==== Supplied material

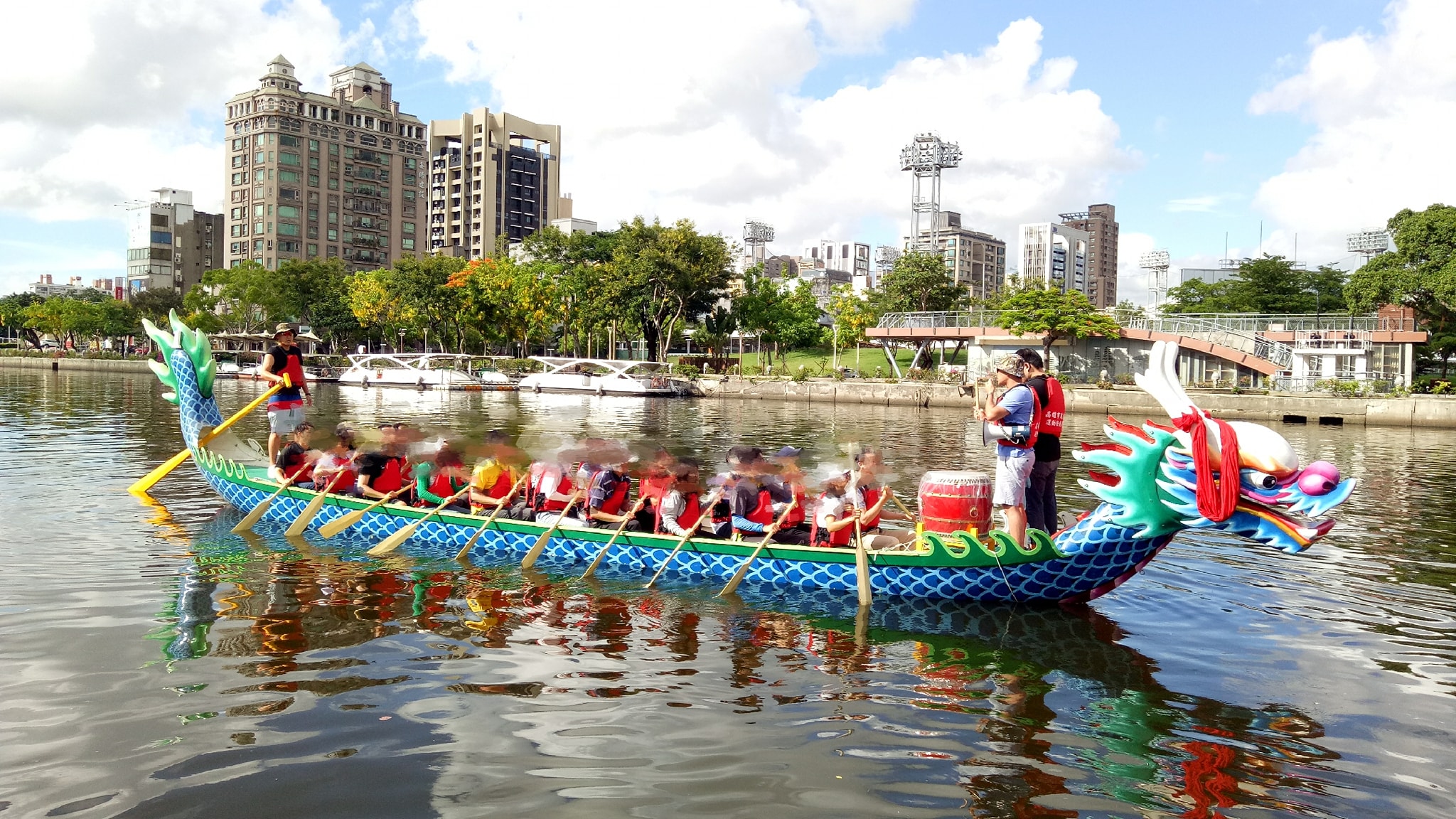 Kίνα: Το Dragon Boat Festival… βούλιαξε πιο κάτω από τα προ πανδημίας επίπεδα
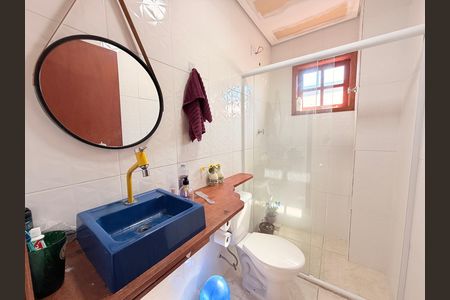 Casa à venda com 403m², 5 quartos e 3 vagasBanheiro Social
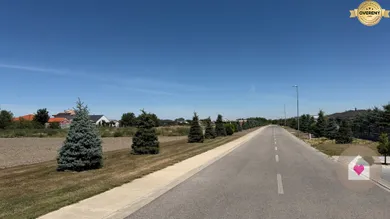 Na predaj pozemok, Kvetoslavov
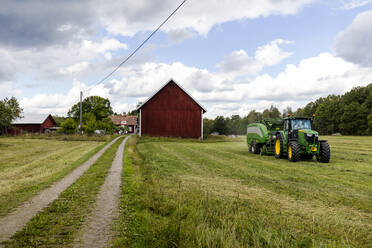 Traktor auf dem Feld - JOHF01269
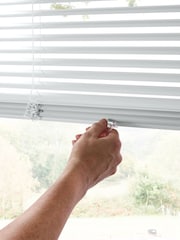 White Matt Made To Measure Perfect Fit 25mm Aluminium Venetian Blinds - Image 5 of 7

========
==== Supplied material

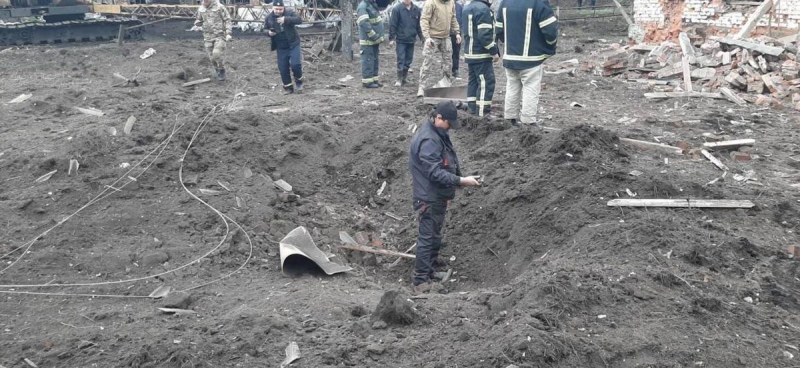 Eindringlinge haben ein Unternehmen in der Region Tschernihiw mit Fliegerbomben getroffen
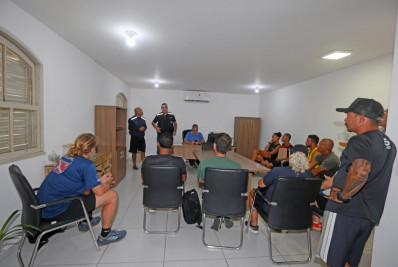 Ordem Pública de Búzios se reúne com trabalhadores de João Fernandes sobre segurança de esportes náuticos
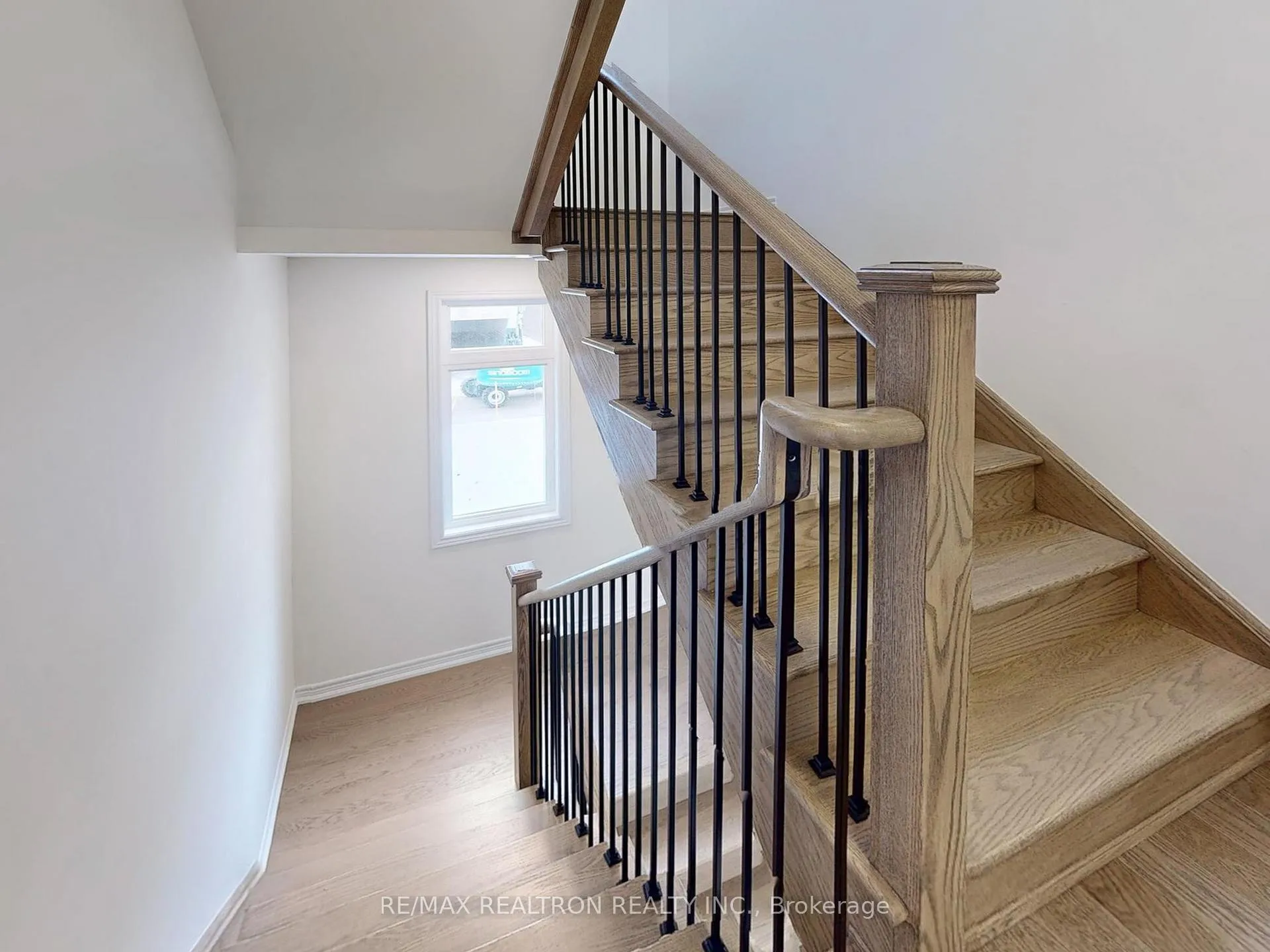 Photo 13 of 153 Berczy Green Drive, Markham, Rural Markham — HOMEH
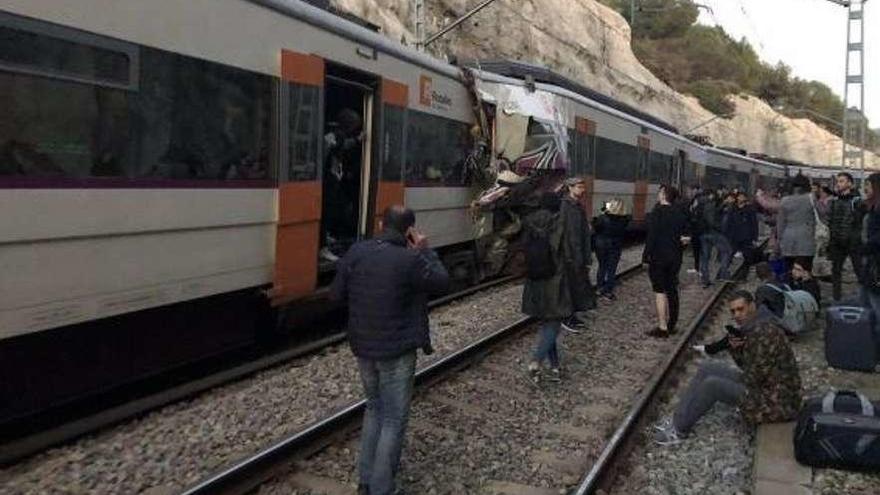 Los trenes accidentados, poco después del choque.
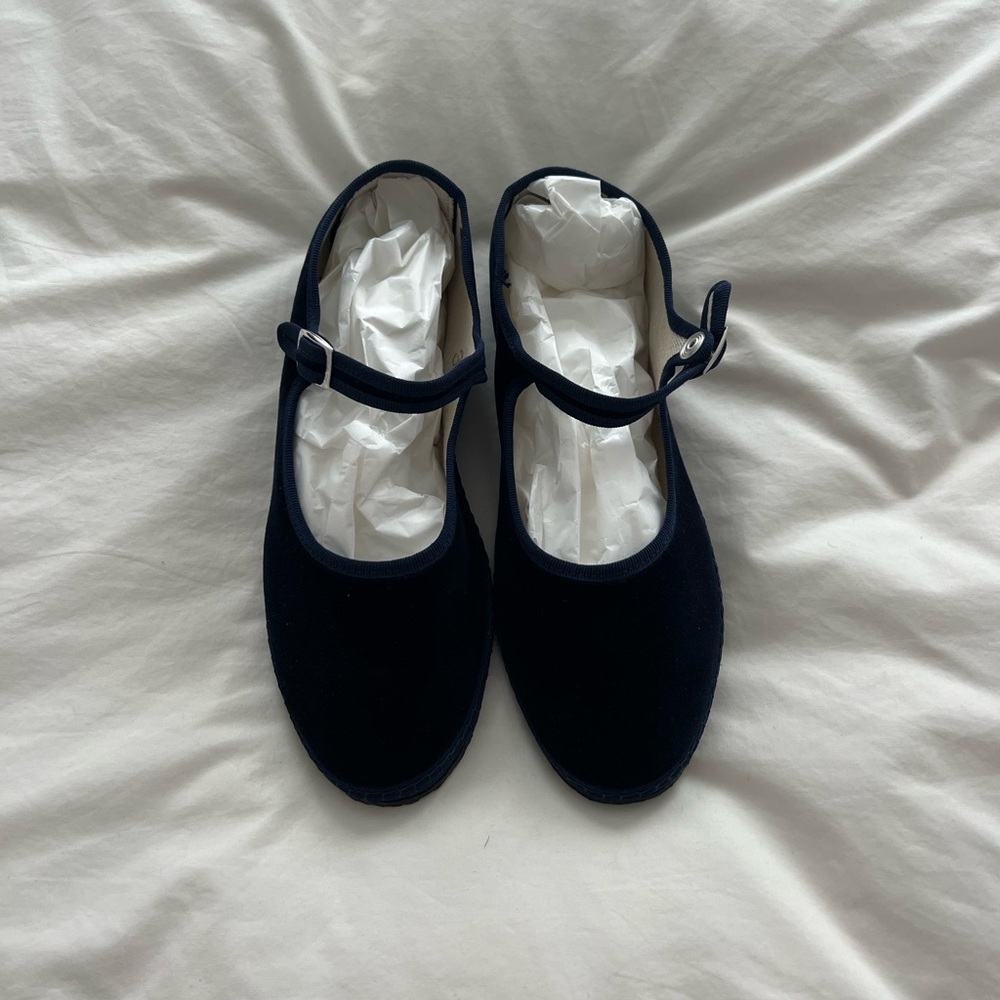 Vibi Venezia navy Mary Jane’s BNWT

========

What you need to do: When copying from the data above, print only the lines from the line containing "Ordem Pública de" to the line containing "Vibi Venezia navy Mary Jane’s BNWT", exactly, and leave the pictures out.

Solved exercise:
 Ordem Pública de Búzios se reúne com trabalhadores de João Fernandes sobre segurança de esportes náuticos
 Photo 13 of 153 Berczy Green Drive, Markham, Rural Markham — HOMEH
 Los trenes accidentados, poco después del choque.
 Vibi Venezia navy Mary Jane’s BNWT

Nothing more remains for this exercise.